Task prompt: An exact transcription of all the entries below is required.

Input records:
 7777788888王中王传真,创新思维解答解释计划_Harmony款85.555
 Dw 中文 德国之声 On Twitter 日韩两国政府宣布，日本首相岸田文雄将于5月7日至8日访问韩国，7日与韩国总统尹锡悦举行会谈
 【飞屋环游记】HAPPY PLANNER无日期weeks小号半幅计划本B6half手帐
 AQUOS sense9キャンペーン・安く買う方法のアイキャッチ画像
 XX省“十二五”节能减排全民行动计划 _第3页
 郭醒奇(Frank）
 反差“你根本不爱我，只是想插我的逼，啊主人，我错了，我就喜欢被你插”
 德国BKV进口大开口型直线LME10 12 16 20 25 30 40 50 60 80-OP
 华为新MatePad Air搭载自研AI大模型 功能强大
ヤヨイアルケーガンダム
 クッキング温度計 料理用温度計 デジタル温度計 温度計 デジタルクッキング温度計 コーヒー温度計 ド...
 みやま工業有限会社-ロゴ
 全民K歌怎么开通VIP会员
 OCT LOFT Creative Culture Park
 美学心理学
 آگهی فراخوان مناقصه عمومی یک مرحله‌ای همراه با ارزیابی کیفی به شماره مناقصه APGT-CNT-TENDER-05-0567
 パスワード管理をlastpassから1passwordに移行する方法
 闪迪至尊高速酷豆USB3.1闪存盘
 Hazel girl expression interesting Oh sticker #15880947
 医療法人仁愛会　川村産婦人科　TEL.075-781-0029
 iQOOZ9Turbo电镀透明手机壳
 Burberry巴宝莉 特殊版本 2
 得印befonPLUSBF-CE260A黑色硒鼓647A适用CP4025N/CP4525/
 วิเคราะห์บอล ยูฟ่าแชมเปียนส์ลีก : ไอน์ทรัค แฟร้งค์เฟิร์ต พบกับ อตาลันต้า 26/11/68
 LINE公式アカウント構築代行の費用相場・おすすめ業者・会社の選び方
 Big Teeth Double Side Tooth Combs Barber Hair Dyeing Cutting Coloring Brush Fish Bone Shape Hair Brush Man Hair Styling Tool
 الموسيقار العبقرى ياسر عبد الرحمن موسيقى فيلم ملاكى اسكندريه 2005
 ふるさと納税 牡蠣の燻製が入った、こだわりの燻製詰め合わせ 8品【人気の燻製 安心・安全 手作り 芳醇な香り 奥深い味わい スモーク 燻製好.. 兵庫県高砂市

Problem solution:
 7777788888王中王传真,创新思维解答解释计划_Harmony款85.555
 Dw 中文 德国之声 On Twitter 日韩两国政府宣布，日本首相岸田文雄将于5月7日至8日访问韩国，7日与韩国总统尹锡悦举行会谈
 【飞屋环游记】HAPPY PLANNER无日期weeks小号半幅计划本B6half手帐
 AQUOS sense9キャンペーン・安く買う方法のアイキャッチ画像
 XX省“十二五”节能减排全民行动计划 _第3页
 郭醒奇(Frank）
 反差“你根本不爱我，只是想插我的逼，啊主人，我错了，我就喜欢被你插”
 德国BKV进口大开口型直线LME10 12 16 20 25 30 40 50 60 80-OP
 华为新MatePad Air搭载自研AI大模型 功能强大
ヤヨイアルケーガンダム
 クッキング温度計 料理用温度計 デジタル温度計 温度計 デジタルクッキング温度計 コーヒー温度計 ド...
 みやま工業有限会社-ロゴ
 全民K歌怎么开通VIP会员
 OCT LOFT Creative Culture Park
 美学心理学
 آگهی فراخوان مناقصه عمومی یک مرحله‌ای همراه با ارزیابی کیفی به شماره مناقصه APGT-CNT-TENDER-05-0567
 パスワード管理をlastpassから1passwordに移行する方法
 闪迪至尊高速酷豆USB3.1闪存盘
 Hazel girl expression interesting Oh sticker #15880947
 医療法人仁愛会　川村産婦人科　TEL.075-781-0029
 iQOOZ9Turbo电镀透明手机壳
 Burberry巴宝莉 特殊版本 2
 得印befonPLUSBF-CE260A黑色硒鼓647A适用CP4025N/CP4525/
 วิเคราะห์บอล ยูฟ่าแชมเปียนส์ลีก : ไอน์ทรัค แฟร้งค์เฟิร์ต พบกับ อตาลันต้า 26/11/68
 LINE公式アカウント構築代行の費用相場・おすすめ業者・会社の選び方
 Big Teeth Double Side Tooth Combs Barber Hair Dyeing Cutting Coloring Brush Fish Bone Shape Hair Brush Man Hair Styling Tool
 الموسيقار العبقرى ياسر عبد الرحمن موسيقى فيلم ملاكى اسكندريه 2005
 ふるさと納税 牡蠣の燻製が入った、こだわりの燻製詰め合わせ 8品【人気の燻製 安心・安全 手作り 芳醇な香り 奥深い味わい スモーク 燻製好.. 兵庫県高砂市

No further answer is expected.